### [Dataset entries]

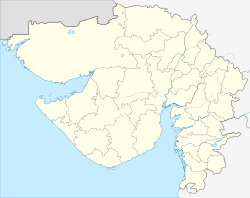 Vadtal is located in Gujarat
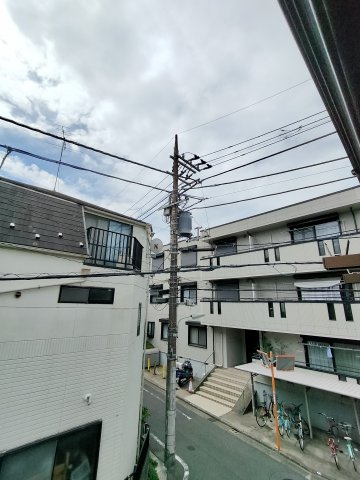 【展望】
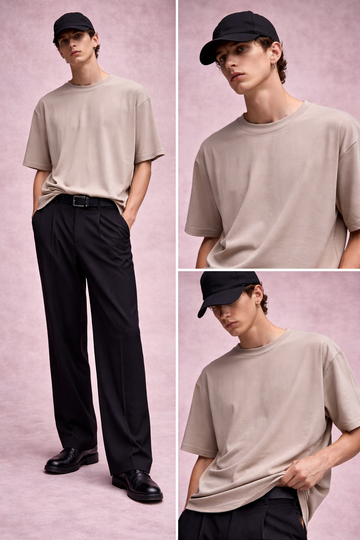 T Shirt Over D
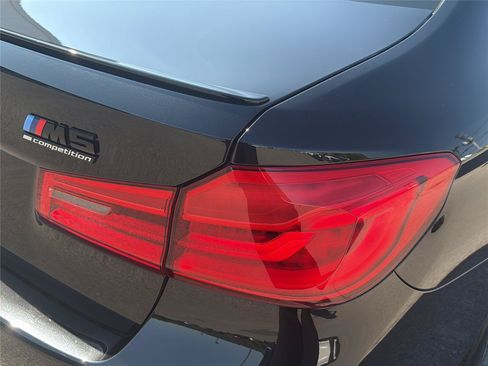 Used 2020 BMW M5 w/ Executive Package AWD/4WD image 51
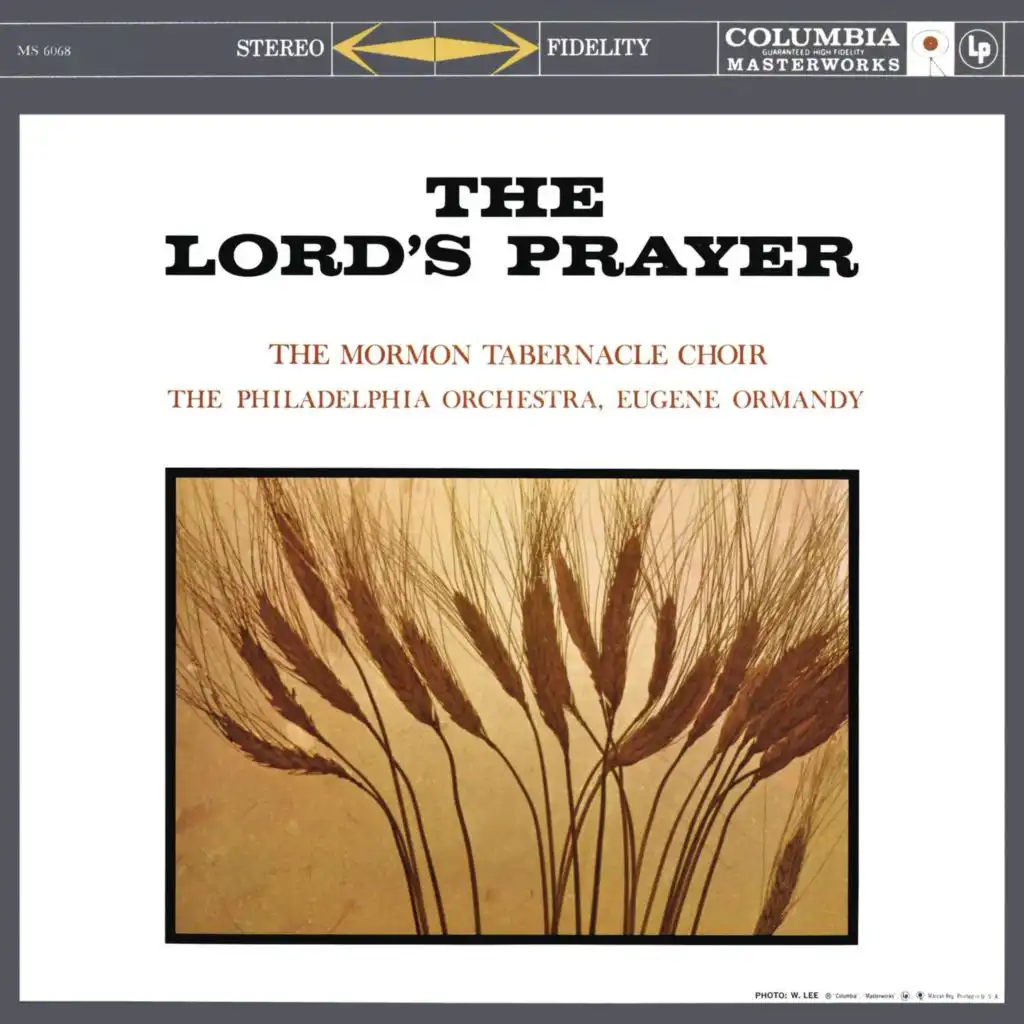 The Lord's Prayer (2023 Remastered Version)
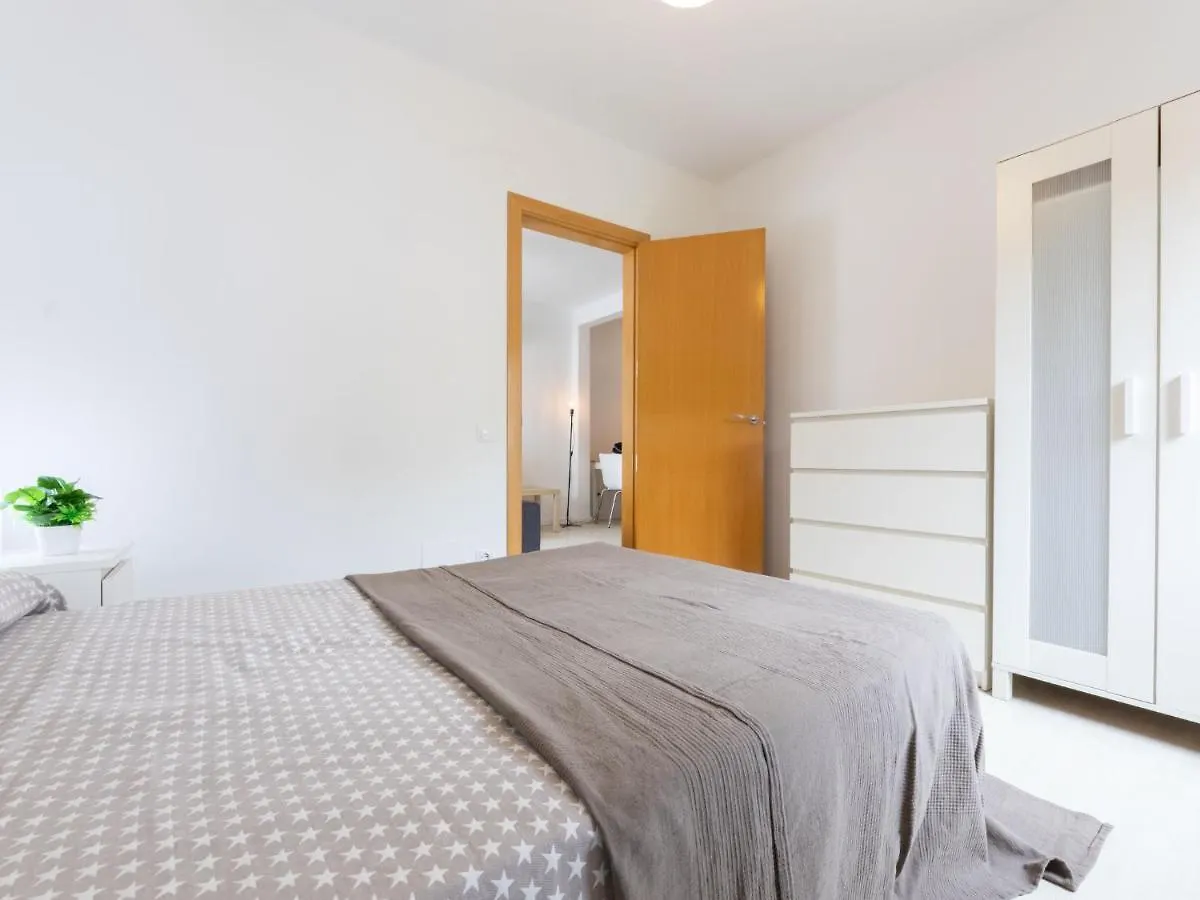 Apartment Terecel Salou-1 By Interhome 0*, Salou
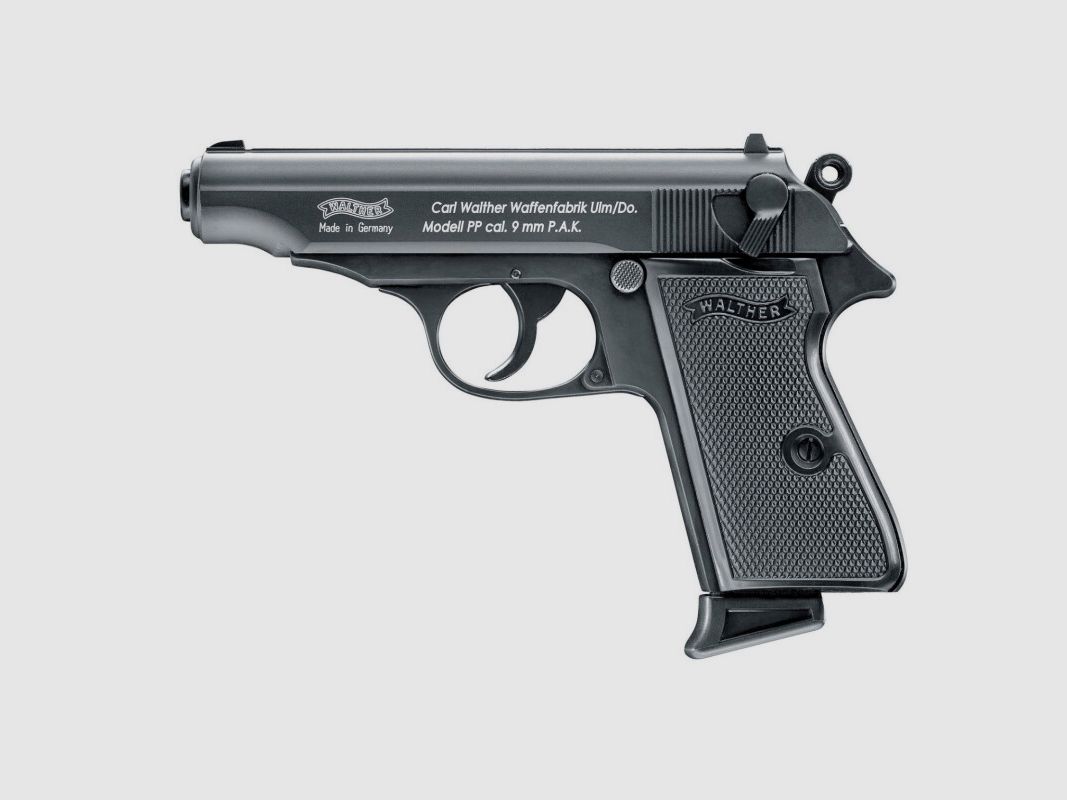Walther PP, Bild 1 von 7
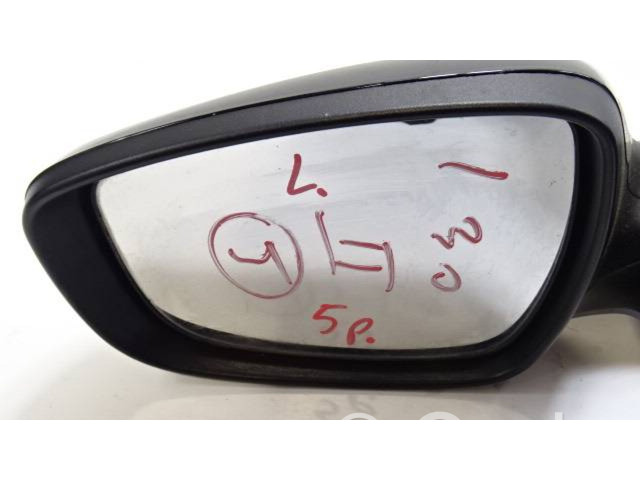 Zpětné zrcátko levé Hyundai i30 2015 87610A6110, 20586015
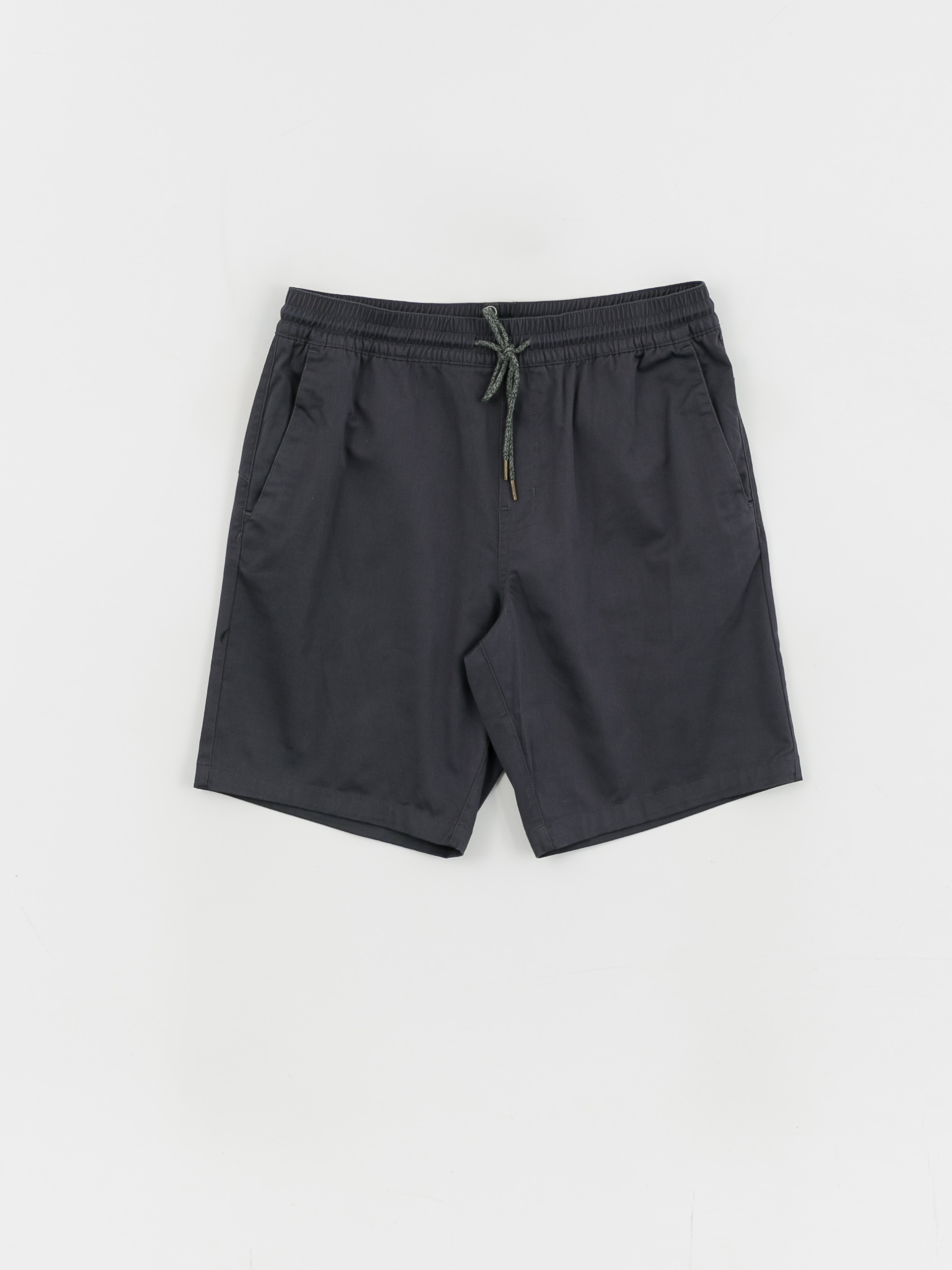 Volcom Frickin Ew 19 Shorts (charcoal)
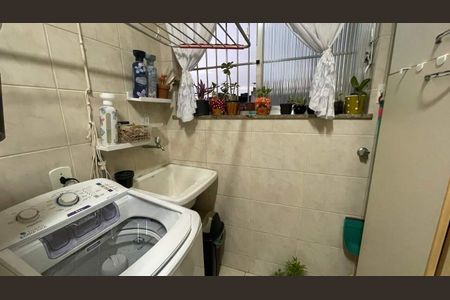 Apartamento à venda com 2 quartos, 49m² em Vila Kosmos, Rio de Janeiro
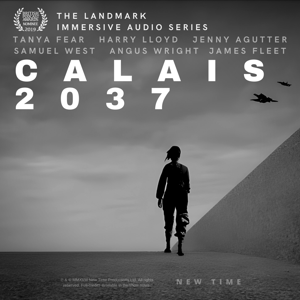 Calais 2037 by New Time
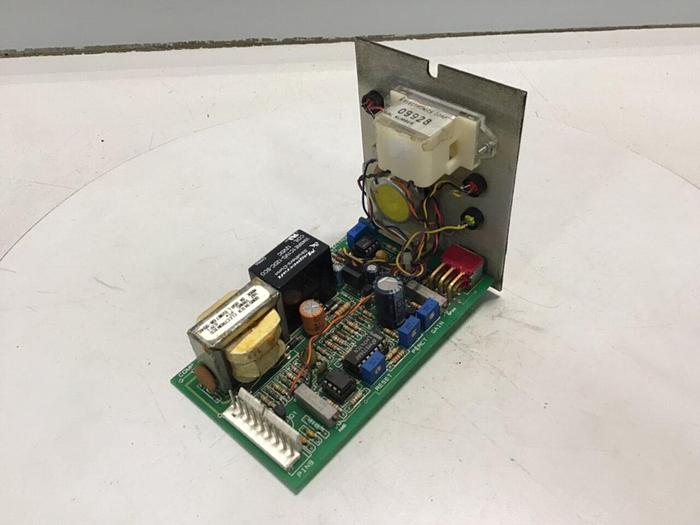 Used GORDINIER Temperature Control A630 USED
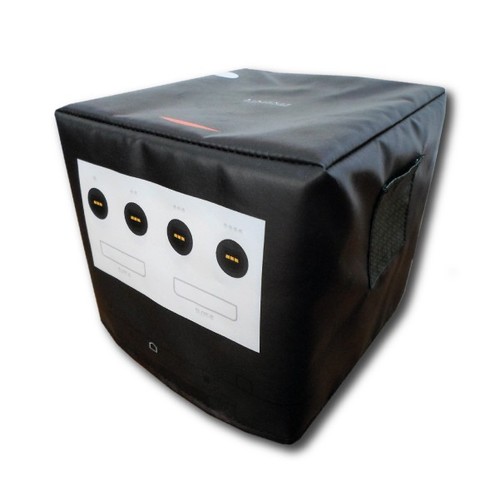 Gamecube game boy player - gamecube,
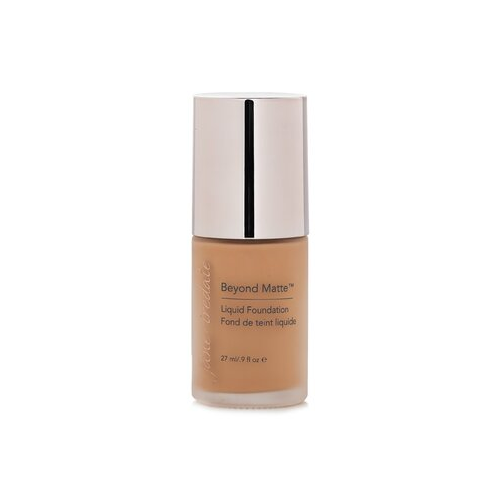Jane Iredale Beyond Matte Жидкая Основа - # M8 (Medium Neutral) 27ml/0.9oz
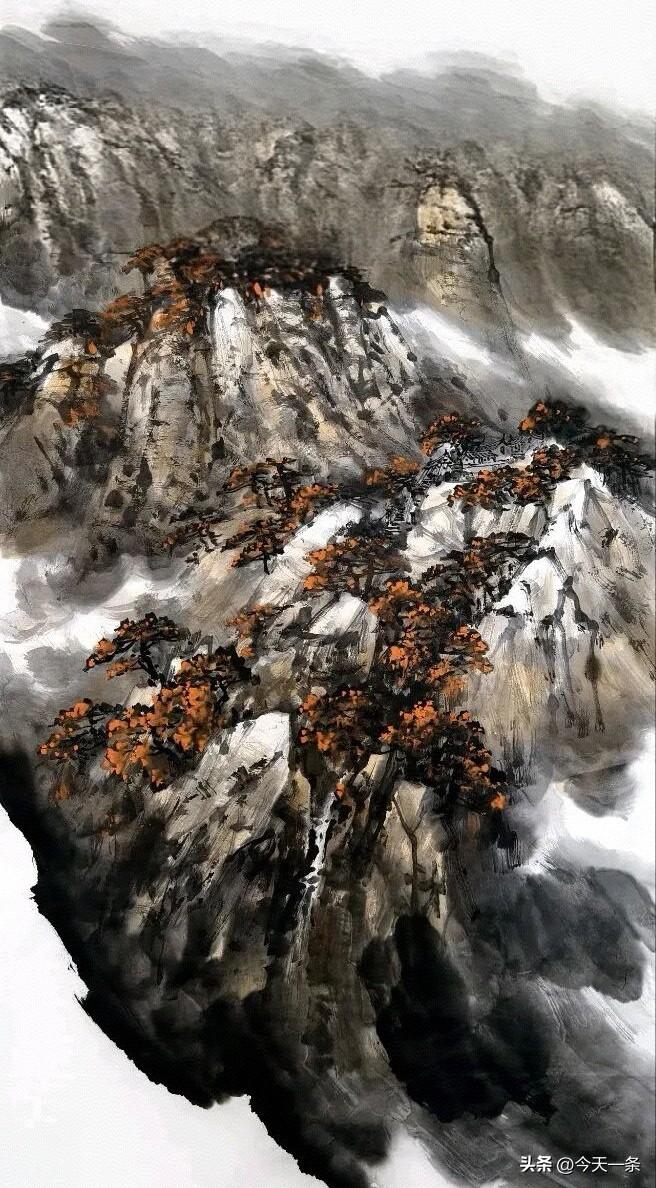 外地人多认为河南省地处中原，应该是一望无垠的大平原，其实西部、西北部、南部山岳纵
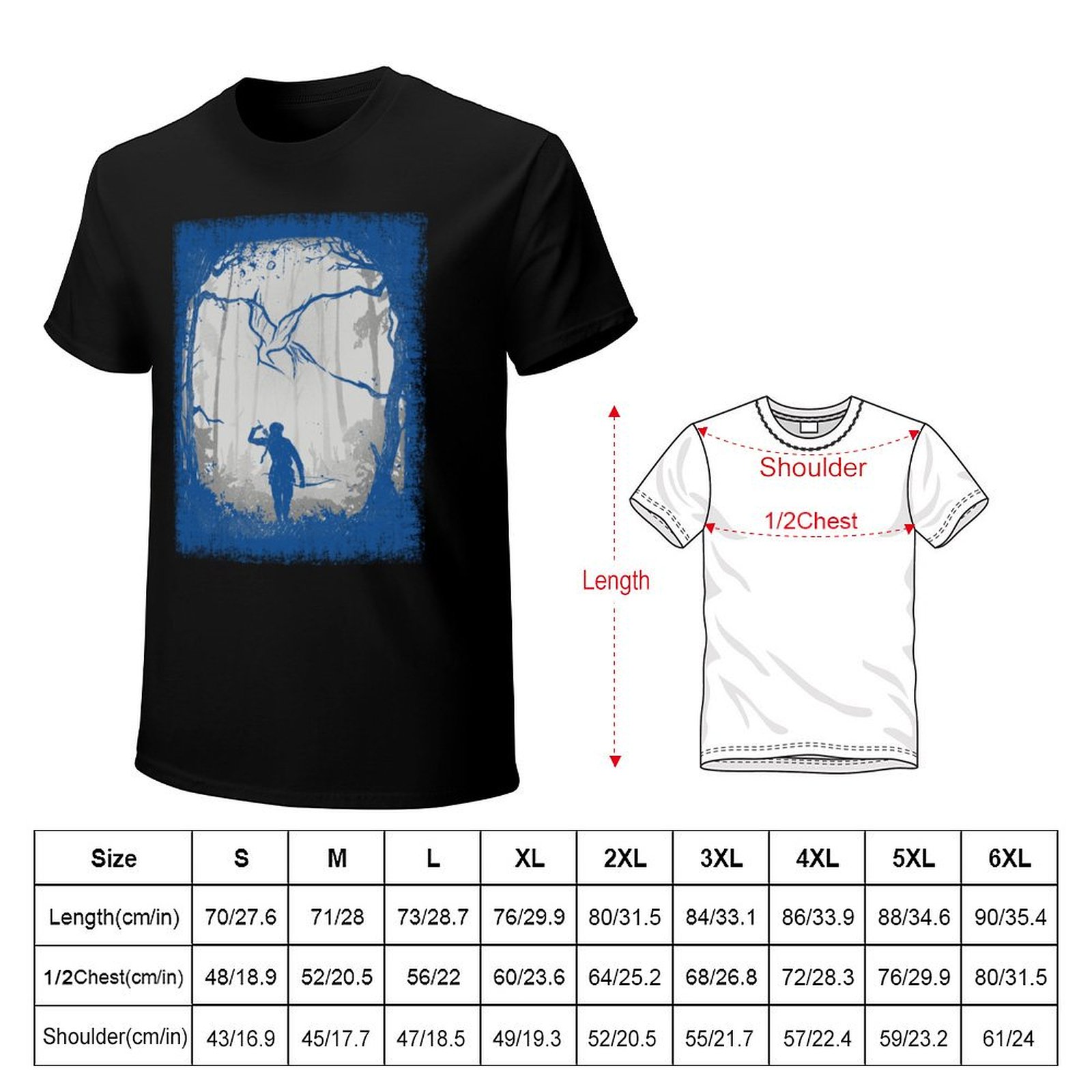 Hunger Games Woods - Blauw zil - Woodworking Blueprint recensie en prijs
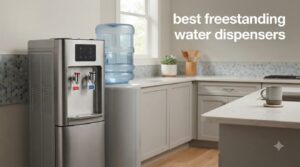 best freestanding water dispensers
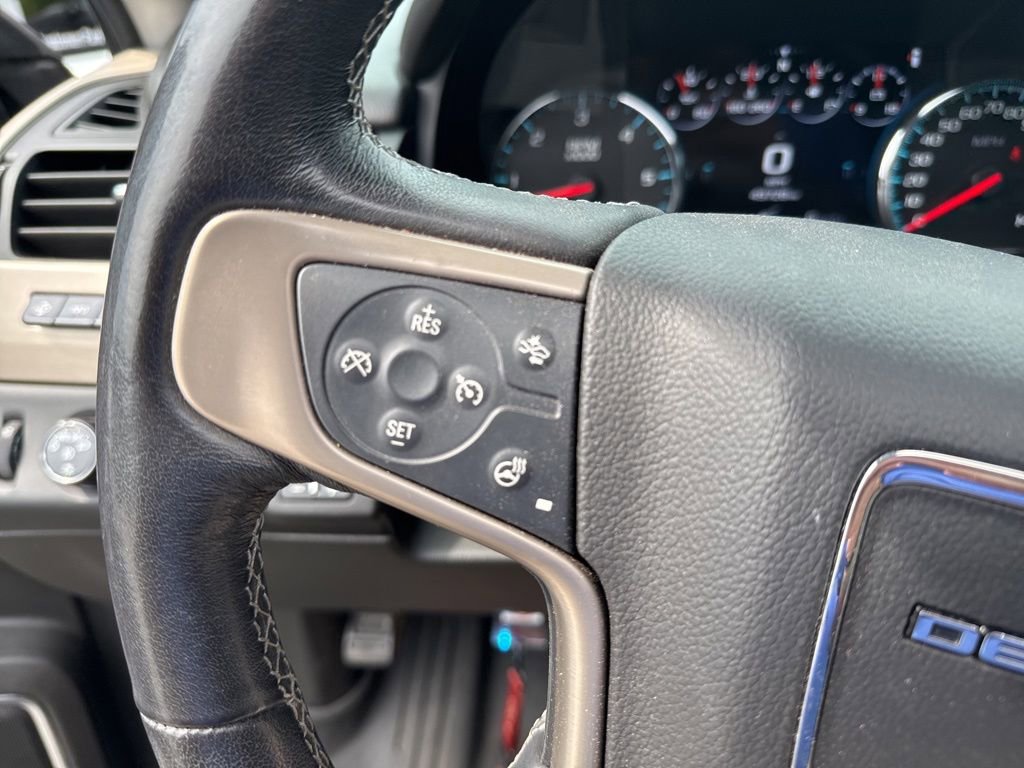 Used 2018 GMC Yukon Denali w/ Open Road Package AWD/4WD image 31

### [Problem]
For this exercise, transcribe the data exactly but without its pictures.

### [Solution to this exercise]
 Vadtal is located in Gujarat
 【展望】
 T Shirt Over D
 Used 2020 BMW M5 w/ Executive Package AWD/4WD image 51
 The Lord's Prayer (2023 Remastered Version)
 Apartment Terecel Salou-1 By Interhome 0*, Salou
Walther PP, Bild 1 von 7
 Zpětné zrcátko levé Hyundai i30 2015 87610A6110, 20586015
 Volcom Frickin Ew 19 Shorts (charcoal)
 Apartamento à venda com 2 quartos, 49m² em Vila Kosmos, Rio de Janeiro
 Calais 2037 by New Time
 Used GORDINIER Temperature Control A630 USED
 Gamecube game boy player - gamecube,
Jane Iredale Beyond Matte Жидкая Основа - # M8 (Medium Neutral) 27ml/0.9oz
 外地人多认为河南省地处中原，应该是一望无垠的大平原，其实西部、西北部、南部山岳纵
 Hunger Games Woods - Blauw zil - Woodworking Blueprint recensie en prijs
 best freestanding water dispensers
 Used 2018 GMC Yukon Denali w/ Open Road Package AWD/4WD image 31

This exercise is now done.